- Owner: Dennis Williams
- General manager: Megan Williams
- Head coach: Kevin O'Hanlon
- Home stadium: Sun National Bank Center

Results
- Record: 8–4
- Conference place: 1st
- Playoffs: Lost National Conference Championship (Lehigh Valley) 38–49

= 2014 Trenton Freedom season =

The 2014 Trenton Freedom season was the first season as a professional indoor football franchise and their first in the Professional Indoor Football League (PIFL). One of 8 teams that competed in the PIFL for the 2014 season.

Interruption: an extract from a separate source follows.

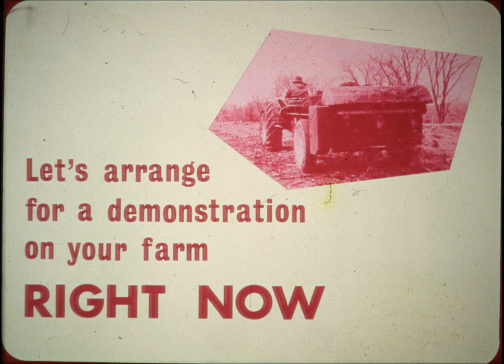For the toughest manures and year-around hauling in all kinds of weather, you just can't beat the extra rugged big capacity of this unit. For dependable high speed spreading, let's arrange for a demonstration of the new 160 flail spreader on your farm right now.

In August 2013, Owners Dennis Williams and Michael Schubiger announced their intentions to bring an indoor football team back to Trenton, New Jersey. The owners held name the team contest, and picked the name "Freedom," as well as named Adam Turkel to be the team's first head coach and general manager. When looking for a league to play in, Williams and Schubiger both were lobbying to become members of the Professional Indoor Football League (PIFL). In September, the team officially became the 7th member of the PIFL for the 2014 season. In November 2013, the team announced that they were replacing Turkel with Kevin O'Hanlon as the team's inaugural coach.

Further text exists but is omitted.